Following Nader Shah's assassination in 1747, Iran fell into turmoil, especially in the South Caucasus. There the Georgians and local khans fought over land. With no central authority left in Iran, Heraclius II, the king of Eastern Georgia (Kartli-Kakheti), and the khans, district aqalars (grandees) and soltans (military commander of a district) attempted to preserve their recent freedom by collaborating with or against their neighbours. The area soon split into multiple semi-autonomous khanates and districts, such as the Ganja Khanate. Shamshadil was amongst the sultanates that emerged during this period.

== History ==
Although some khans and soltans had shown interest in receiving Russian protection, Javad Khan of Ganja staunchly opposed it. He remained loyal to the shah and planned to defy any Russian intrusion. When Javad Khan was made aware of the gradual Russian expansion into the neighboring districts, he had his son Hossein Qoli Aqa relocate the Tatar and Armenian families of Shamshadil to Ganja. Javad Khan also plundered the district, seizing livestock and forcing many locals to flee to Georgia. In response, the Russian general Karl Knorring sent a diplomat named Gorgin Beg to Javad Khan, asking him to stop his hostility, as Shamshadil was Georgian land and that it had only been controlled by Ganja due to being granted by Agha Mohammad Khan Qajar. Javad Khan responded by saying that while Shamshadil had occasionally been detached from Ganja, it had still been part of it for centuries. He also added that he desired good relations with his neighbour. Knorring responded back, by repeating that the district belongs to Georgia, which was now part of Russia.

On 4 June, 1802, Knorring sent a Russian force under Lazarev into Shamshadil. Lazarev and his men only had supplies to last until June 13, and thus had hoped to acquire some from the Armenian villages bordering Ganja. However, when he reached the border on June 8, he discovered that 29 out of 33 Armenian and Tatar villages, which amounted to 1,900 families, had been moved to Ganja. Recognizing his dangerous position, Lazarev and his men withdrew into the Kazakh sultanate and Borchalu. Shamshadil was amongst the lands that Iran ceded to Russia by agreeing to the Treaty of Gulistan in 1813.

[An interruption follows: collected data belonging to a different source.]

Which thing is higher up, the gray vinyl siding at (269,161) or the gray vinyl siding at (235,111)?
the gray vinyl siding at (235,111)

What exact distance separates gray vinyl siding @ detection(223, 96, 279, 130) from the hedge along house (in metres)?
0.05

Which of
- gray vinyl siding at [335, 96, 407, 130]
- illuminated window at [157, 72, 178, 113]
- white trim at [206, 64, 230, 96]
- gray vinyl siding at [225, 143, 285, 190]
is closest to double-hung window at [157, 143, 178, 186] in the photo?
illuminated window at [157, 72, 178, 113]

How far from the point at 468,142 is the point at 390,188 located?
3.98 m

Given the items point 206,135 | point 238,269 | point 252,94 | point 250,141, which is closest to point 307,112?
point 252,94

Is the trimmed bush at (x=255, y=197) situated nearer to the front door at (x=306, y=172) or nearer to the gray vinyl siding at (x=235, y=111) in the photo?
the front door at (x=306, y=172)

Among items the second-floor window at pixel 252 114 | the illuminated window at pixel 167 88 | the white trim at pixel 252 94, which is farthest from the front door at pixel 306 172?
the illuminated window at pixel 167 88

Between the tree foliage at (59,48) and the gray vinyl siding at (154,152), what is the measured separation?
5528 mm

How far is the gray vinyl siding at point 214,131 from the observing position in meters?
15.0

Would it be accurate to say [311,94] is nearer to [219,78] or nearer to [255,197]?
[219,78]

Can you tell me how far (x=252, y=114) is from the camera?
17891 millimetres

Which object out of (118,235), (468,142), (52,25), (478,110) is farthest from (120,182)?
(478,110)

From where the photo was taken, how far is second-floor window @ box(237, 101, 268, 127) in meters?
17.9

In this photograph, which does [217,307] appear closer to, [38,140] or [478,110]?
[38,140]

Under Russian rule, the Kazakh uezd of the Elizavetpol Governorate was frequently called Kazakh-Shamshadin, since the southern half of the uezd was still known as Shamshadin. The name was preserved in the Soviet period as the Shamshadin District of the Armenian SSR, which was renamed Tavush in 1990 and later abolished and made a part of the modern-day Tavush Province of Armenia.

== Sources ==
- Bournoutian, George (2016). "Prelude to War: The Russian Siege and Storming of the Fortress of Ganjeh, 1803–4"
- Bournoutian, George (2021). "From the Kur to the Aras: A Military History of Russia's Move into the South Caucasus and the First Russo-Iranian War, 1801–1813"
- Hakobyan, Tʻ. Kh. (1998). "Hayastani ev harakitsʻ shrjanneri teghanunneri baṛaran"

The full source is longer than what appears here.